Vagabond Jokes
Funny Jokes
An 18th-century vagabond in England, exhausted and famished, came to a roadside Inn with a sign reading: "George and the Dragon." He knocked. The Innkeeper's wife stuck her head out a window. "Could ye spare some victuals?" He asked. The woman glanced at his shabby, dirty clothes. "No!" she shouted. "Could I have a pint of ale?" "No!" she shouted. "Could I at least sleep in your stable?" "No!" she shouted again. The vagabond said, "Might I please...?" "What now?" the woman screeched, not allowing him to finish. "D'ye suppose," he asked, "that I might have a word with George?"
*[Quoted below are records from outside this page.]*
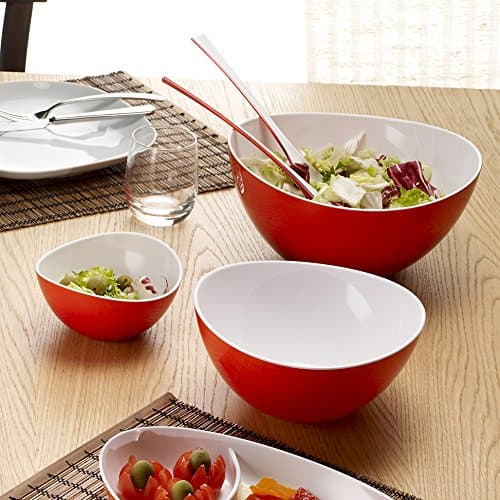 Omada Design Bol à salade ou à pâtes 20 cm, 1,5 L, en plastique incassable, empilable et va au lave-vaisselle, Ligne Trendy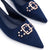 Alisa Buckle Up Flats Sandals Shoes Navy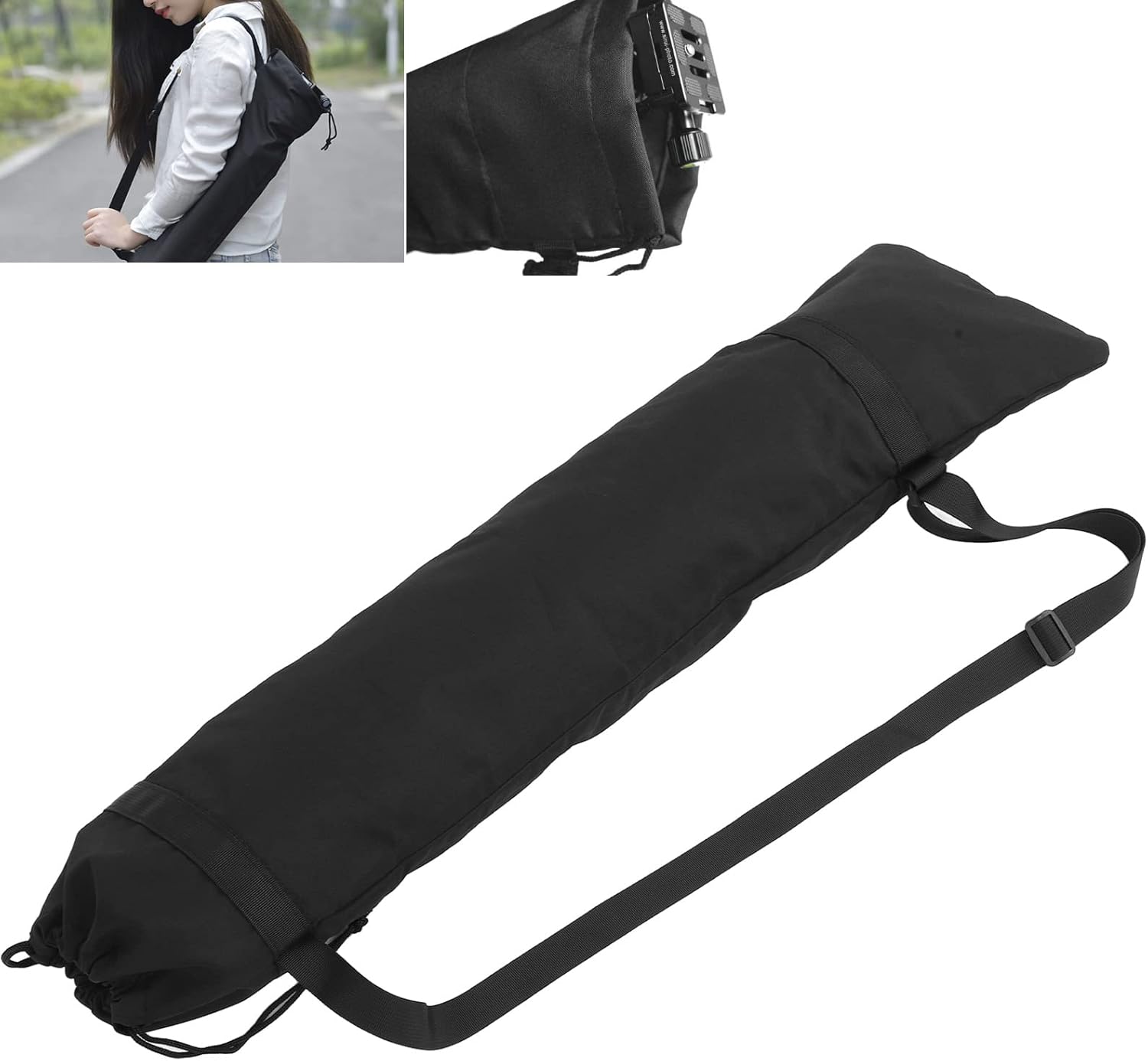 ciciglow Universal Studio Light Stand Trípode Monopod Cámara Bolsa de transporte con correa para el hombro (L)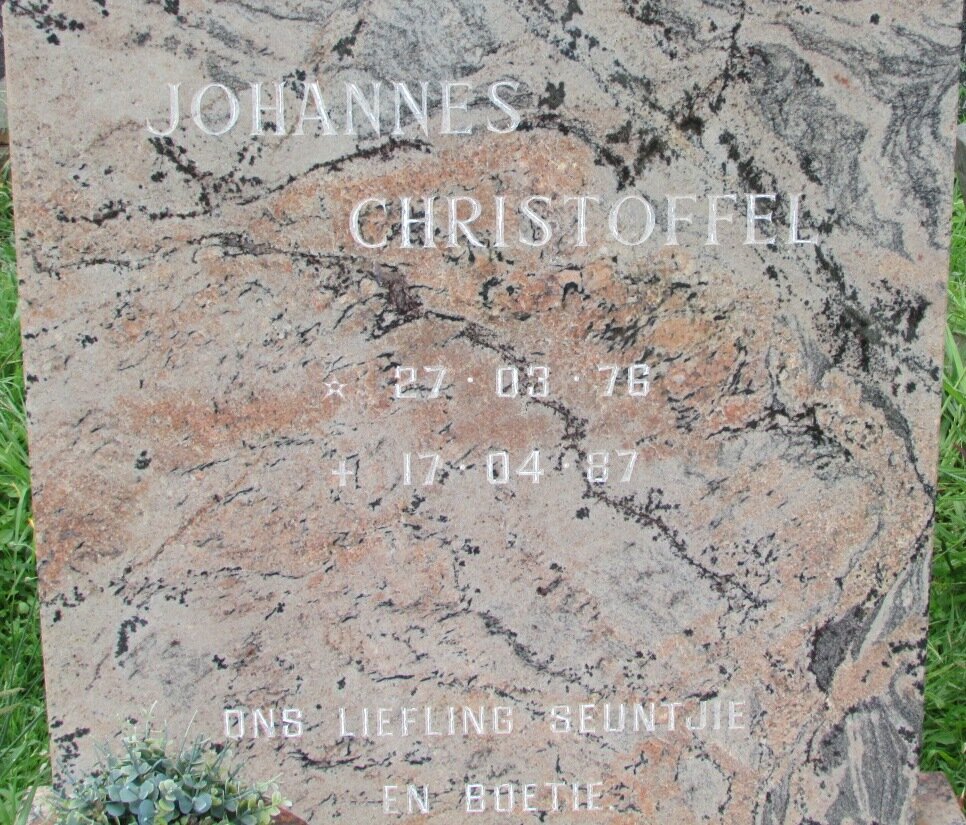 ? Johannes Christoffel 1976-1987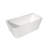 CASAINC 59" Rectangle Acrylic Freestanding Soaking Bathtub With Overflow Hole ＆ Center Drain, Glossy White
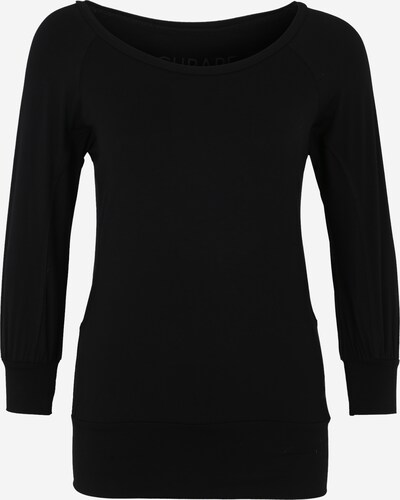 CURARE Yogawear Performance shirt 'Flow' in Black, Item view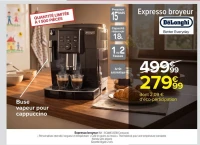 Expresso broyeur DeLonghi ECAM13.123B Compacte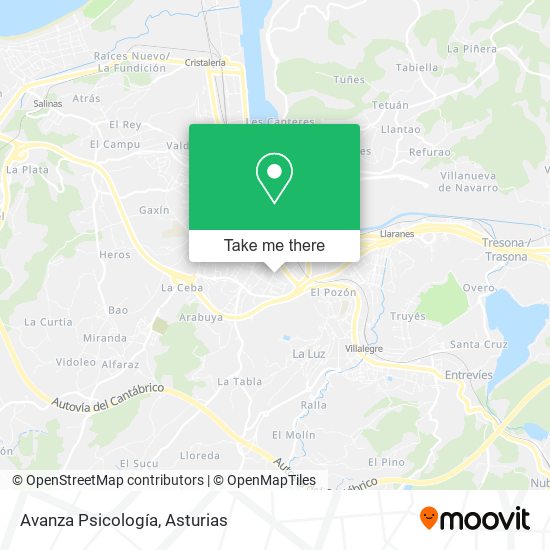 Avanza Psicología map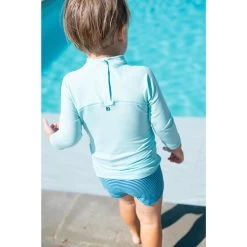 T-shirt Anti UV Bébé Manches Longues Bleu -Série Surf t shirt anti uv bebe manches longues bleu 6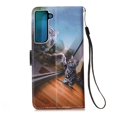 thumbnail image 6 of Dteck Case for Samsung Galaxy S22 Plus,Magnetic PU Leather Patterned Flip Kickstand Case With Wrist Strap Built-in Card Slots Cover for Galaxy S22+ 5G,Cat, 6 of 6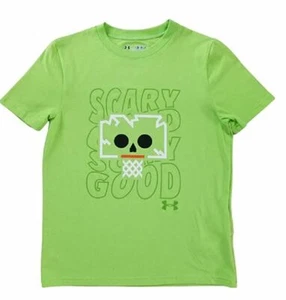 Neu mit Etikett Under Armour Jungen Scary Good Basketballkorb Grafik T-Shirt Jugend Small - Bild 1 von 1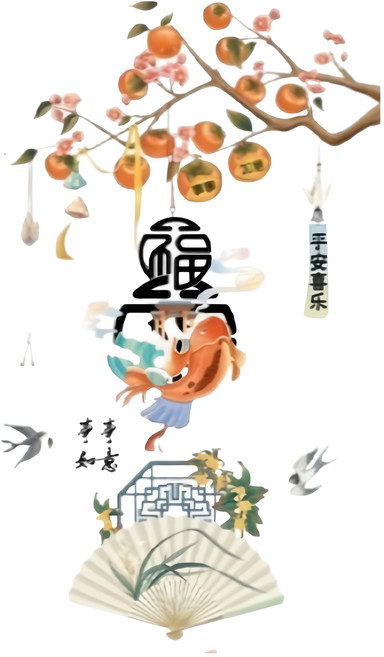 chinese style系列 壁貼, c082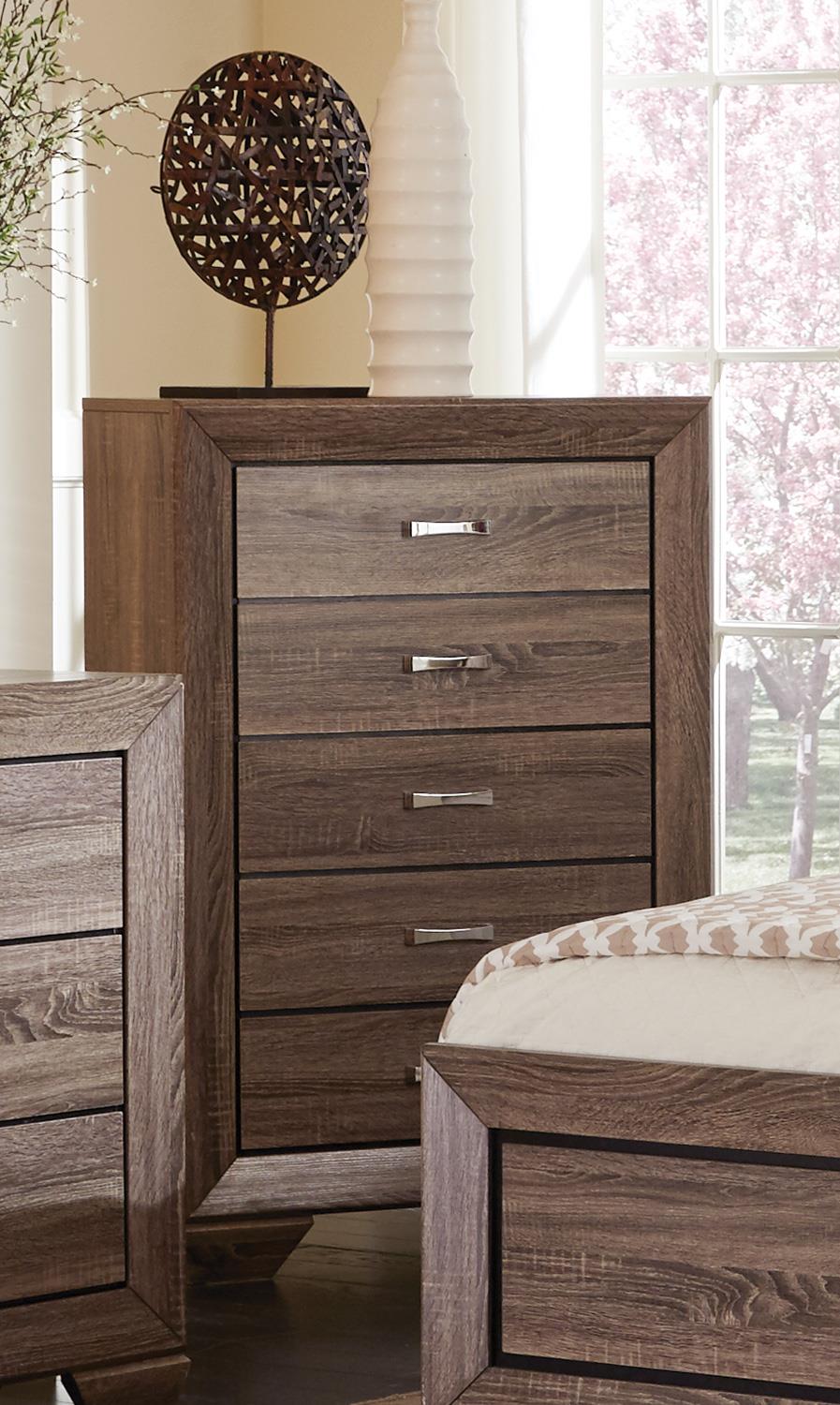 Kauffman Transitional Five-Drawer Chest - ATL FURNITURE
A poor vagabond, traveling a country road in England, tired and hungry, came to a roadside Inn with a sign reading: "George and the Dragon." He knocked gently on the door. The Innkeeper's wife stuck her head out a window. "Could ye spare some victuals?" he asked politely. The woman glanced at his shabby clothes and obviously poor condition. "No!" she said rather sternly. "Could I just have a pint of ale?" "No!" she said again. "Could I at least sleep in your stable?" "No!" by this time she was fairly shouting. The vagabond said, "Might I please...?" "What now?" the woman interrupted impatiently. "D'ye suppose," he asked, "I might have a word with George?"